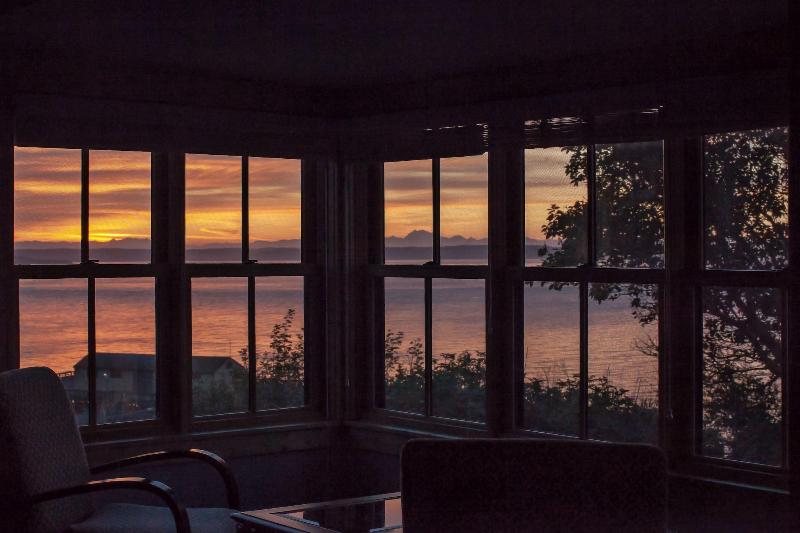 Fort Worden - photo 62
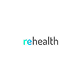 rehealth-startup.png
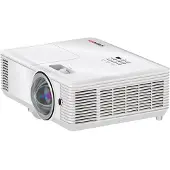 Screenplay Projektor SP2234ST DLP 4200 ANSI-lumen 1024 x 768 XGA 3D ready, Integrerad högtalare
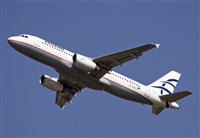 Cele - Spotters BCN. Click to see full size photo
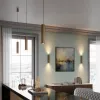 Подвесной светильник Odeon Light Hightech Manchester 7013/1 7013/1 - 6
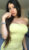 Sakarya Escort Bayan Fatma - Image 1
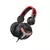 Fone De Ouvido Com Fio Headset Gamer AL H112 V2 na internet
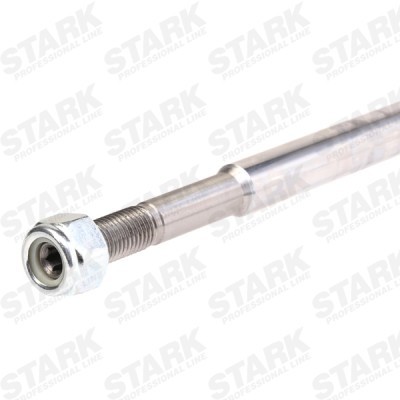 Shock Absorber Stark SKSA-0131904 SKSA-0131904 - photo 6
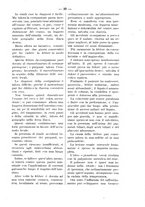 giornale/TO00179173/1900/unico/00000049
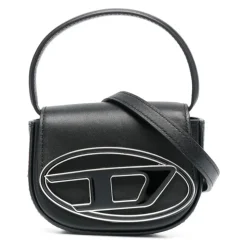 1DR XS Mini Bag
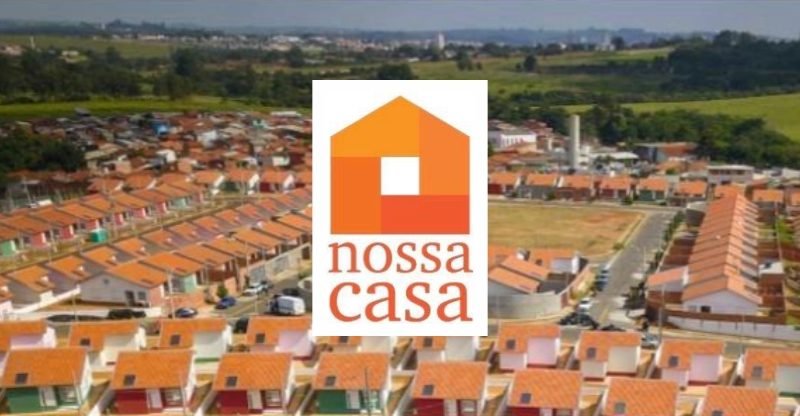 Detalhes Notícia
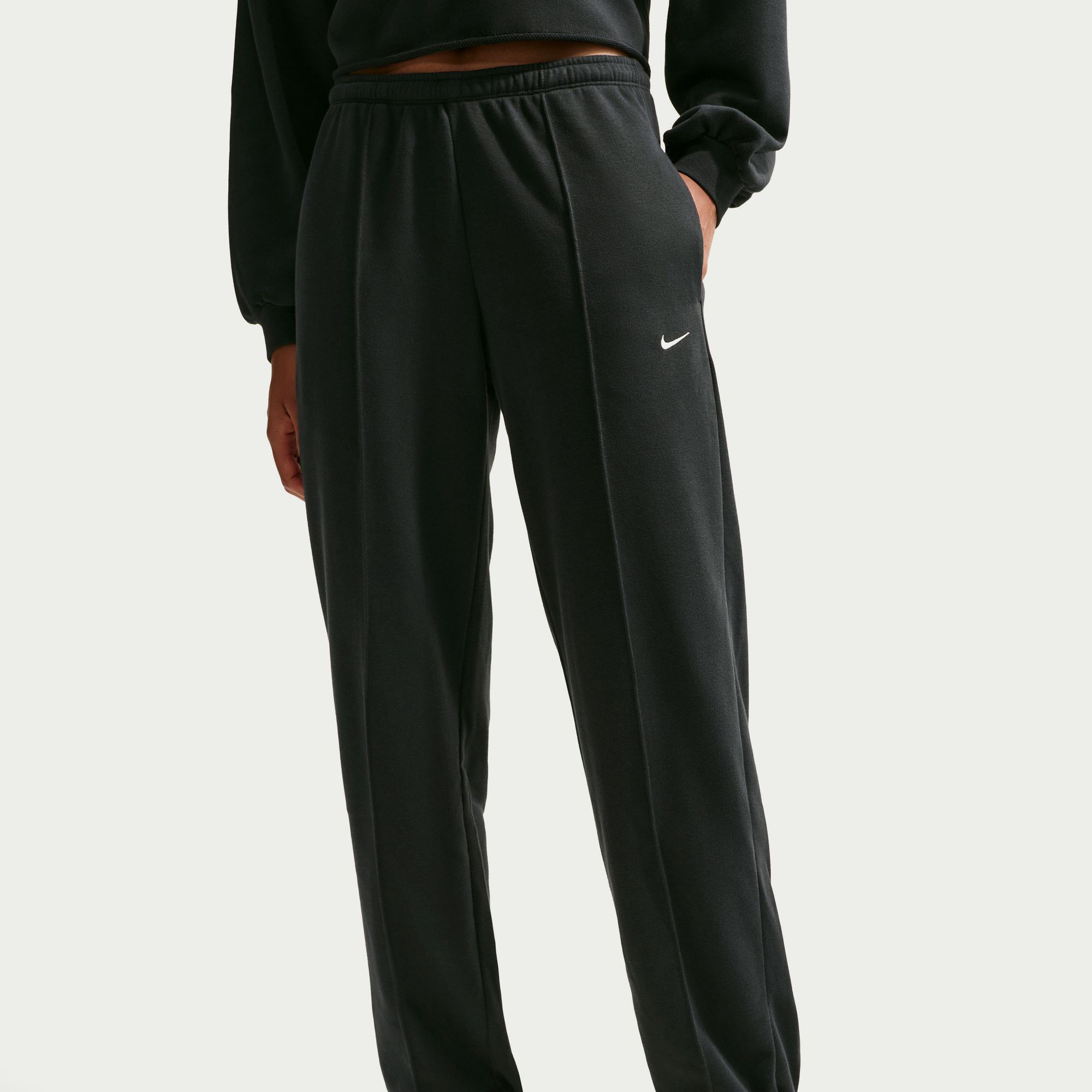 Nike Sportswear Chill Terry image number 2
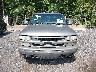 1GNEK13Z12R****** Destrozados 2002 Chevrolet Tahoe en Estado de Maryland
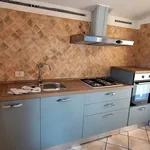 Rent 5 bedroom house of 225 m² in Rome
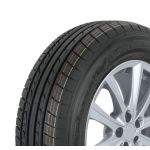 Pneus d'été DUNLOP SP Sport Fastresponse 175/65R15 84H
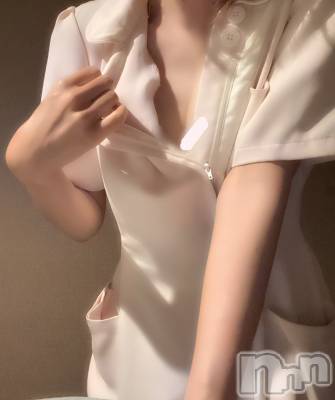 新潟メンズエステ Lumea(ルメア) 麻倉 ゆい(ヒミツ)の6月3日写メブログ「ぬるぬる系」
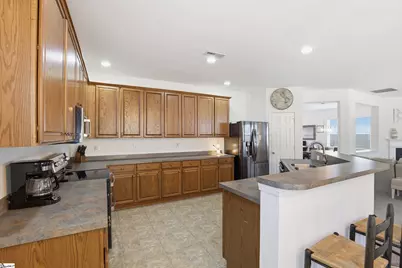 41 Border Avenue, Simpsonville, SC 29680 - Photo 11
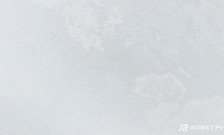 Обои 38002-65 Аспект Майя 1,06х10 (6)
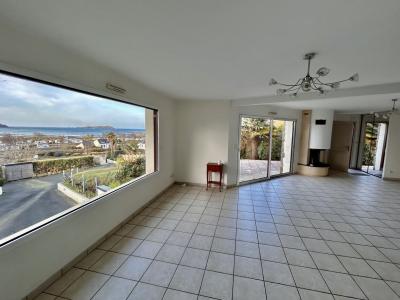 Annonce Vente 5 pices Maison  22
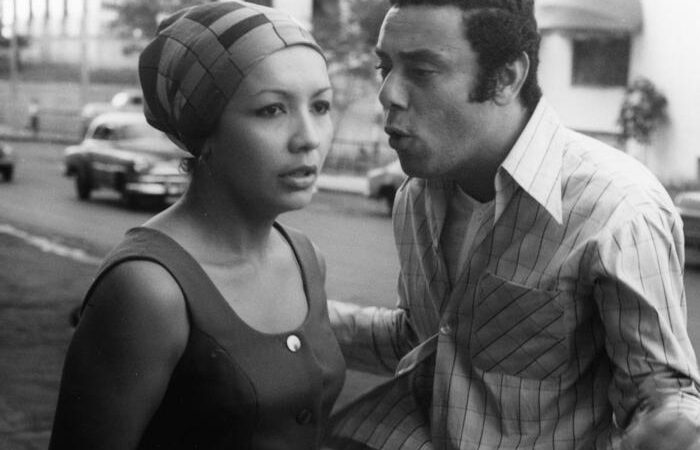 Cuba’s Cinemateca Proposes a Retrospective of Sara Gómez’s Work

::::::

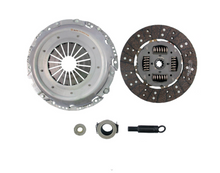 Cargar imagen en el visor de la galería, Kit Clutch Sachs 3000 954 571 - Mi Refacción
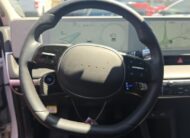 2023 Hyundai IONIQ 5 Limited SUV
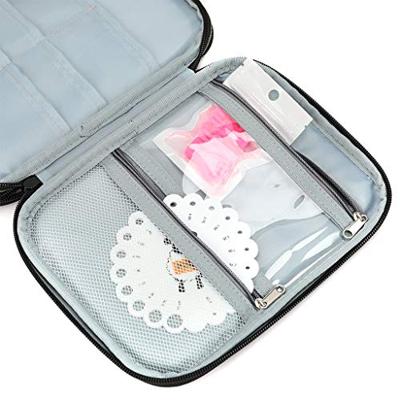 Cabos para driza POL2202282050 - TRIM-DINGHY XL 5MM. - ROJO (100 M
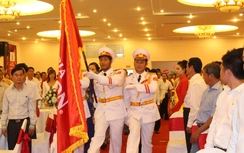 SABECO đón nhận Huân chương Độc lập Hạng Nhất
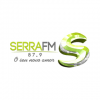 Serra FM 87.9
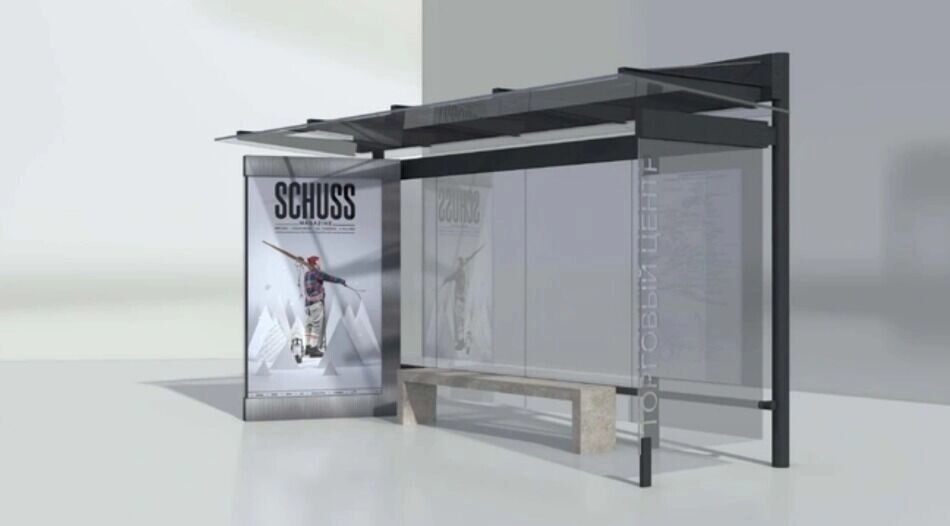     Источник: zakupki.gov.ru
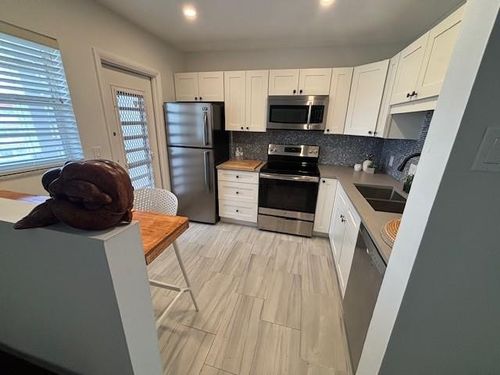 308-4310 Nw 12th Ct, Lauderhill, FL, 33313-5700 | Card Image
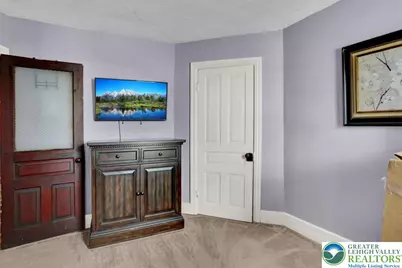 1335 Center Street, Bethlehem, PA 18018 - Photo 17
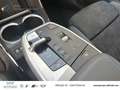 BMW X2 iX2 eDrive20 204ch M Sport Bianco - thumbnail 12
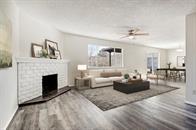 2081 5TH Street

::::::

Look above for the line with "Fort Worden - photo 62"; quote it and every line after it, stopping after the line with "Cuba’s Cinemateca Proposes", exactly, with nothing added and without pictures.

 Fort Worden - photo 62
 rehealth-startup.png
 Screenplay Projektor SP2234ST DLP 4200 ANSI-lumen 1024 x 768 XGA 3D ready, Integrerad högtalare
 Cele - Spotters BCN. Click to see full size photo
 Подвесной светильник Odeon Light Hightech Manchester 7013/1 7013/1 - 6
 Sakarya Escort Bayan Fatma - Image 1
 Fone De Ouvido Com Fio Headset Gamer AL H112 V2 na internet
 Shock Absorber Stark SKSA-0131904 SKSA-0131904 - photo 6
 giornale/TO00179173/1900/unico/00000049
 1DR XS Mini Bag
 Detalhes Notícia
 Nike Sportswear Chill Terry image number 2
 1GNEK13Z12R****** Destrozados 2002 Chevrolet Tahoe en Estado de Maryland
 Rent 5 bedroom house of 225 m² in Rome
 Pneus d'été DUNLOP SP Sport Fastresponse 175/65R15 84H
 新潟メンズエステ Lumea(ルメア) 麻倉 ゆい(ヒミツ)の6月3日写メブログ「ぬるぬる系」
 41 Border Avenue, Simpsonville, SC 29680 - Photo 11
 Обои 38002-65 Аспект Майя 1,06х10 (6)
 Annonce Vente 5 pices Maison  22
 Cuba’s Cinemateca Proposes a Retrospective of Sara Gómez’s Work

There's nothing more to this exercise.